In England the earliest origin of the name can be seen in the Anglo-Saxon family names of "atte Hille" and "uppe Hille". In one Devon Family Tree both these names are recorded, along with Hillman for later generations. In some earlier documents the Latinised "ad Montem" has been used followed by "ate Hille" in brackets.
These all point to a simple topographical surname origin as applied to the man whose domicile was associated with a hill in an area. It has been postulated that it could also have arisen from "Hill's Man" i.e. the man working for one Mr Hill, but no clear evidence for this has yet been found. Clearly a topographical origin relating to the man who lived in, on, up, near or under a hill could have arisen in many places in England.
History of the name
As emancipation progressed and the migration began from the land to industrial centres, so Hillmans appear as boat-people and coal-miners in Staffordshire and elsewhere in the industrial Midlands, as well as in Wales and Ireland. There was a notable solicitor Edward Hillman of Lewes, Sussex in the 1800s. At the end of the same century and into the next William Hillman came to prominence in Coventry making sewing machines, the first "Penny Farthing" bicycles, motorbikes and then the cars - which tend to be the Hillman landmark for most people. In the 1930s Edward Henry Hillman transformed his Essex-wide bus company into the "international" Hillman's Airways for a few glorious years, before he died and the airline was merged with two others as precursor to today's British Airways.

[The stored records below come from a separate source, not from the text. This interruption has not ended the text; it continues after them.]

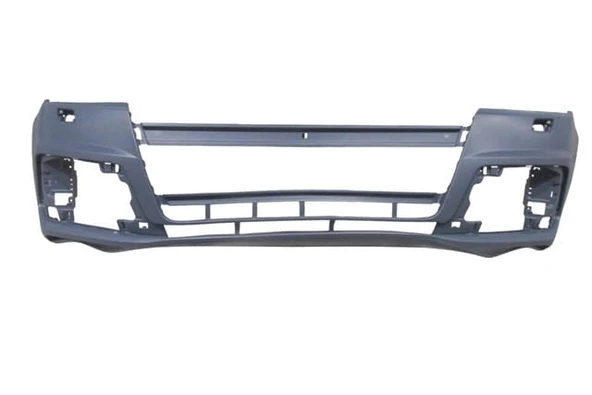 Audi Q7 2015-2018 Ön Tampon (Astarlı Sis - Far Yıkama Delikli Sensör Deliksiz Tw) (Adet) (Oem No:4M0807065Dgru) ürün görseli 1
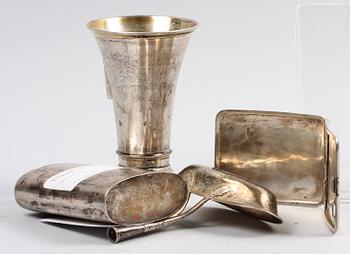 PARTI SILVER, 4 delar. Bla Stockholm 1959.
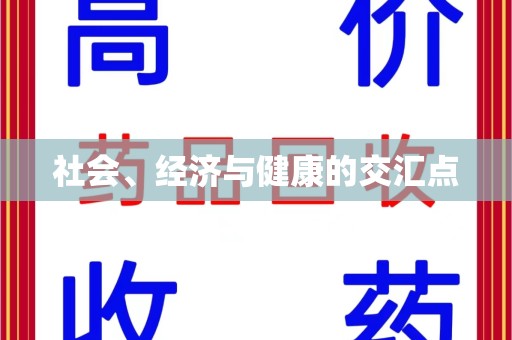 沧州社会、经济与健康的交汇点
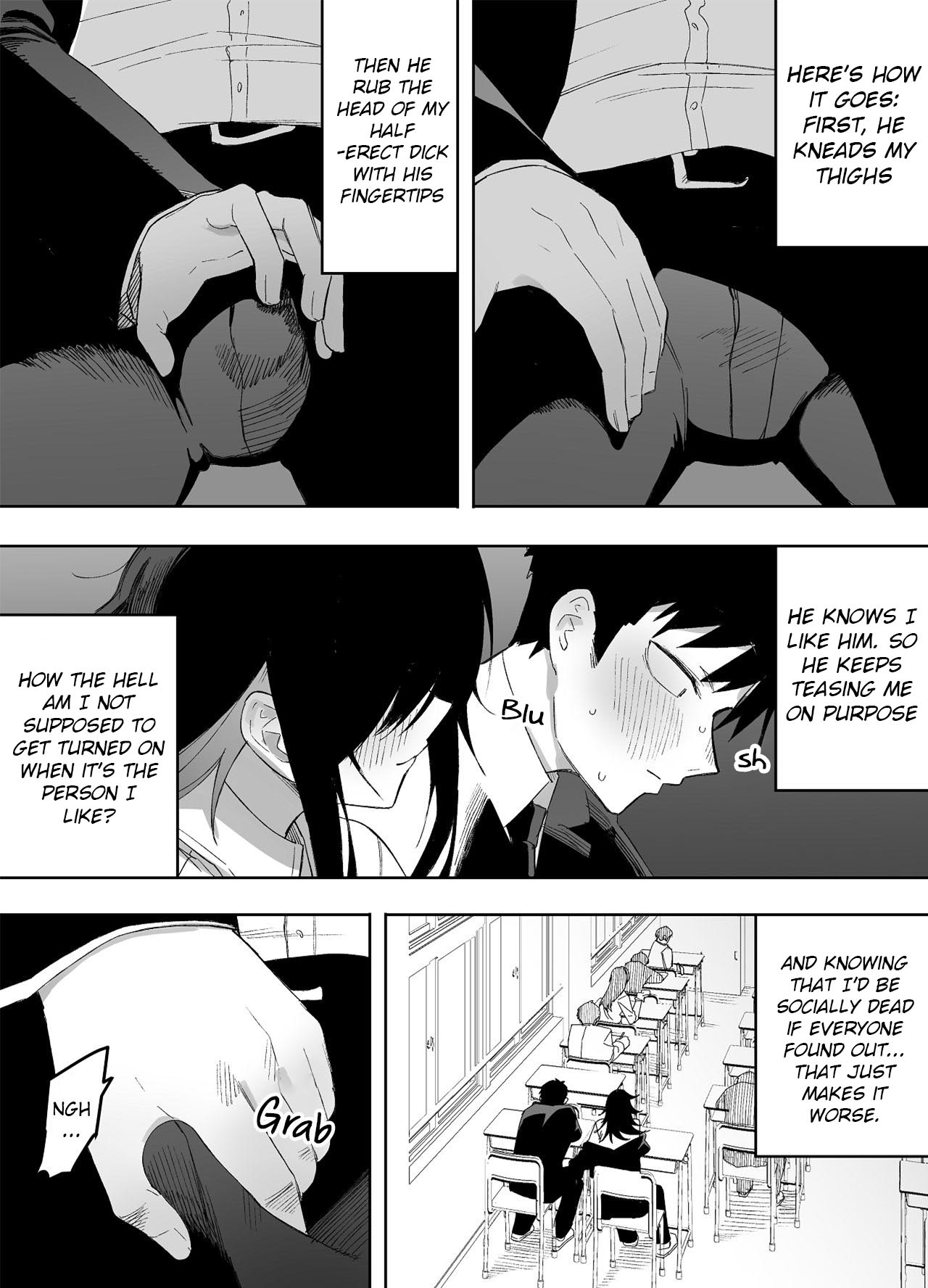 Will You Love Me Even If I'm A Boy page 13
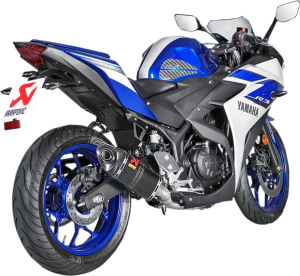 Sistem de evacuare Racing Line, negru 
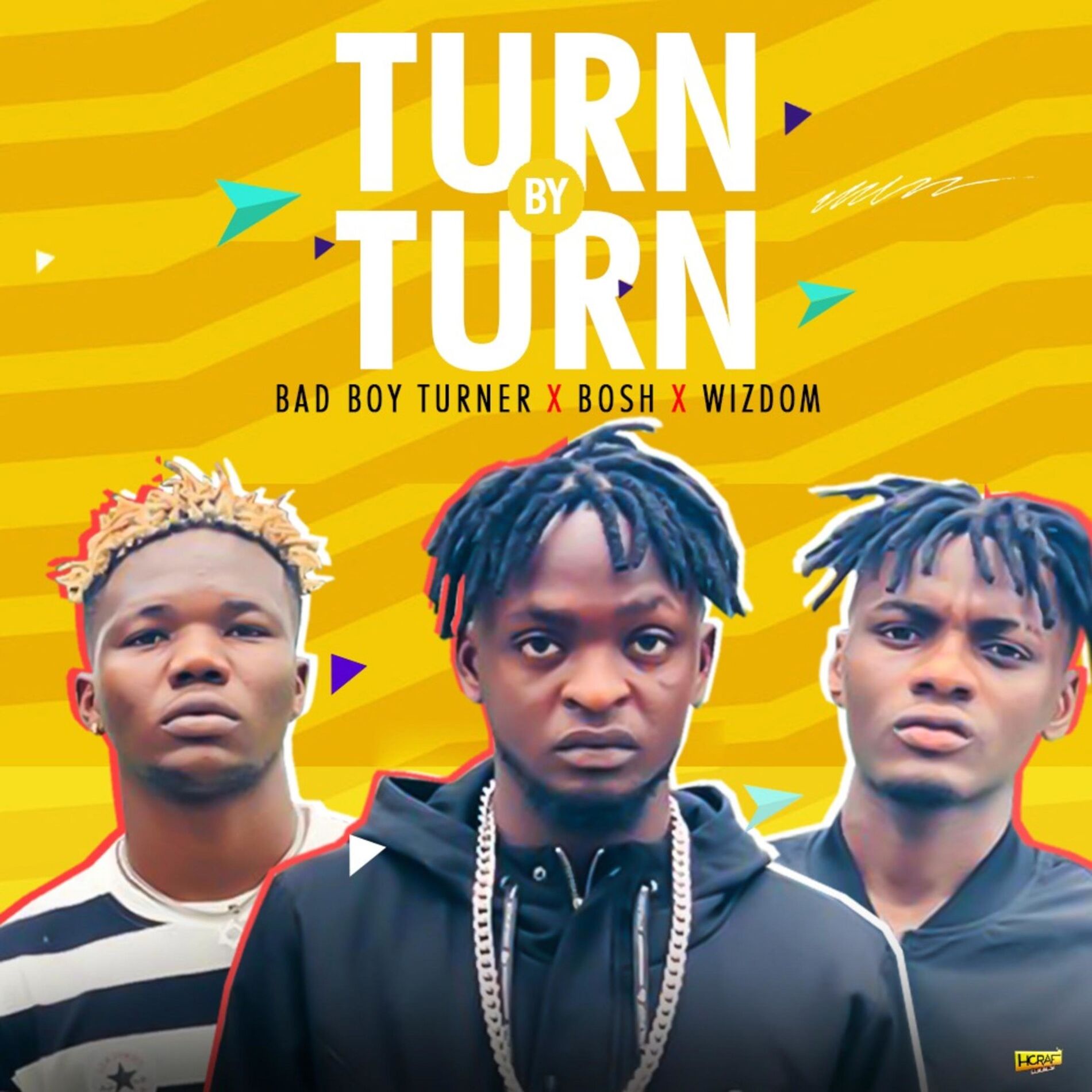 Album cover of Turn by Turn (feat. Bosh & Wizdom)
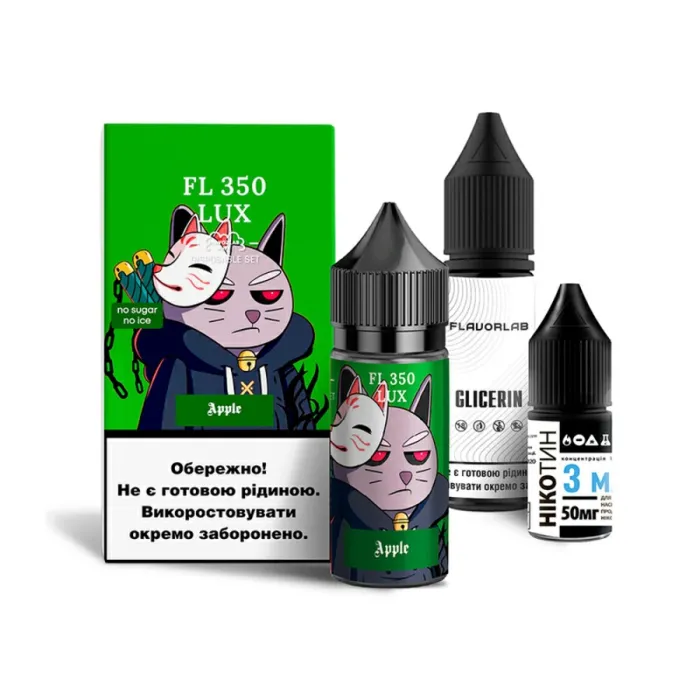 Набор Flavorlab FL350 Lux Apple 30 ml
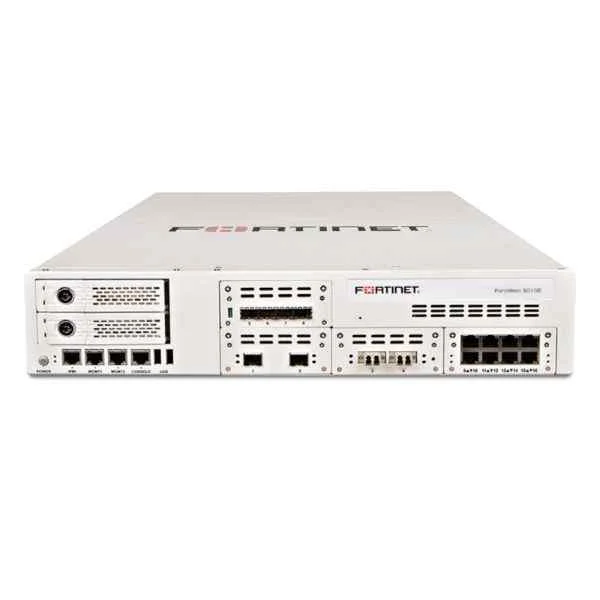 Fortinet FWB-3010E Web Application Firewall - 8 x GE RJ45 bypass Ports, 4 x GE SFP Ports, 2x 10G SFP+ bypass ports, 2x 10G SFP+ ports, dual AC power supplies, 2 x 2TB HDD Storage
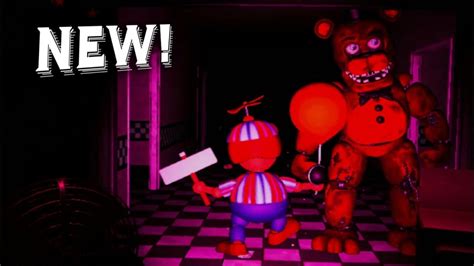 Withered Freddy Bonnie Chica Foxy Fnaf Vr Help Wanted Youtube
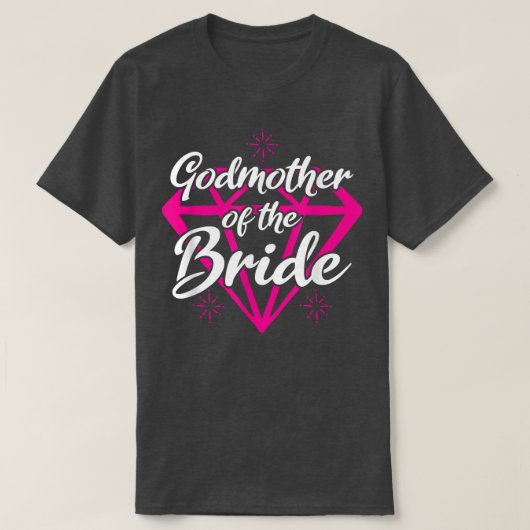 Bruidsfeest Bruid Trouwe Meter 125 T-shirt (Design voorkant)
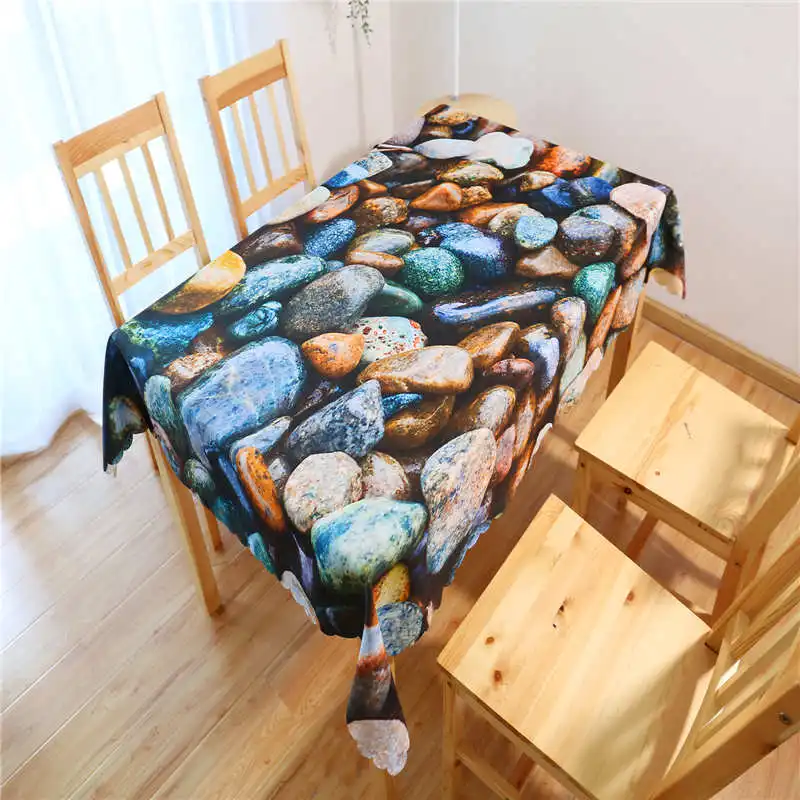 

Modern Rectangle Decorative Table Cloth Nappe Table Rectangulaire Dining Table Cover Manteles Para Mesa Rectangulares En Tela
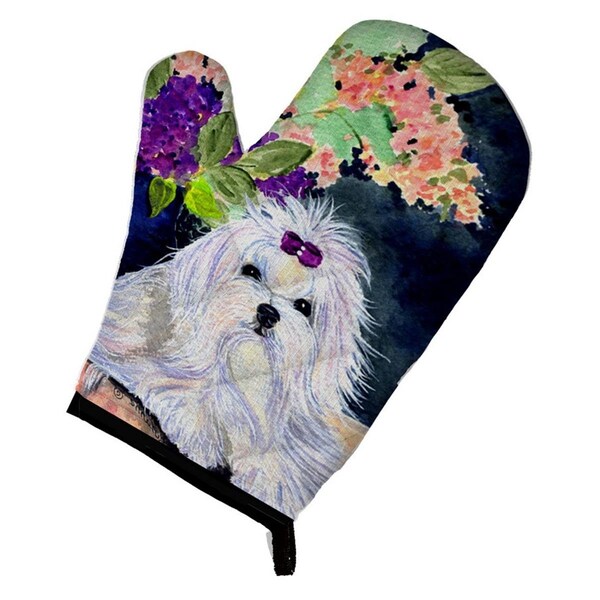 Carolines Treasures Maltese Oven Mitt - SS8287OVMT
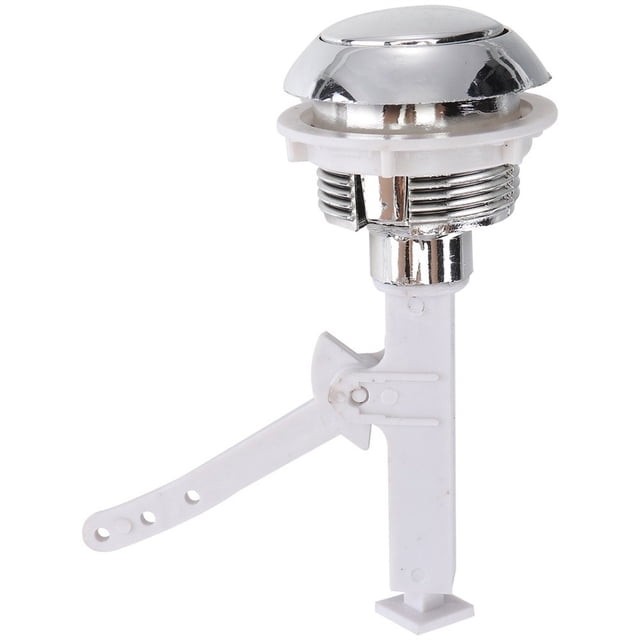 Flush Toilet Push Button For Home Hotel Water Tank 12x10x5.5cm Bathroom Plastic Push Buttons Replacement Useful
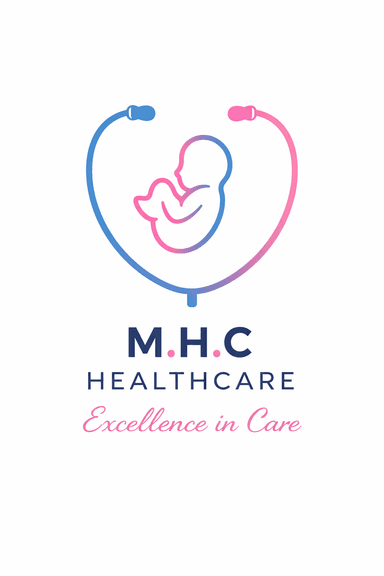 M.H.C healthcare logo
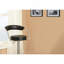 Ensemble de 2 tabourets de bar réglables de style contemporain avec tabourets de bar réglables
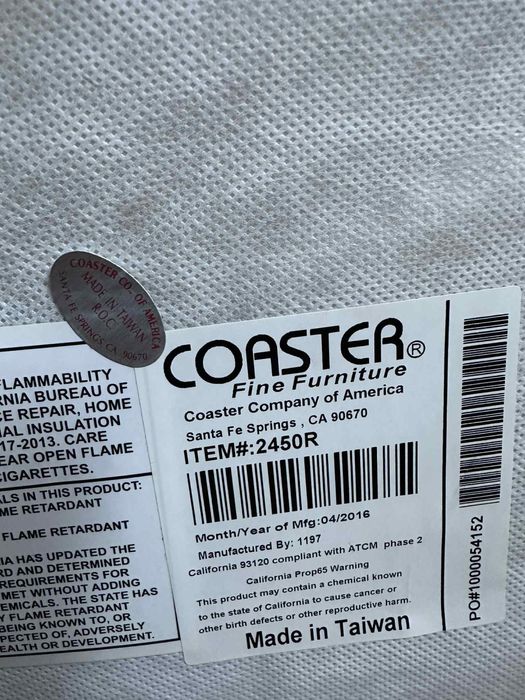 Zestaw mebli do jadalni vintage Coaster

Elsewhere in the world, Alfred Hillman was Assistant Surveyor-General in the 1830s of Western Australia. His journeys and discoveries did much for this infant "colony", and a careful search will reveal both Lake Hillman, and the Hillman River named for him.
Hillmans had humble origins, and generally have stayed that way!
Distribution of the name
Prior to this we have as yet no such country-wide survey to consult. The few pre-1600 records indicate earlier occurrences in Norfolk especially, together with Bedfordshire, Northamptonshire, Devon, Suffolk, Kent, Dorset, Essex and London. Later records predominate in the south east and the west country like the 1881 Census map.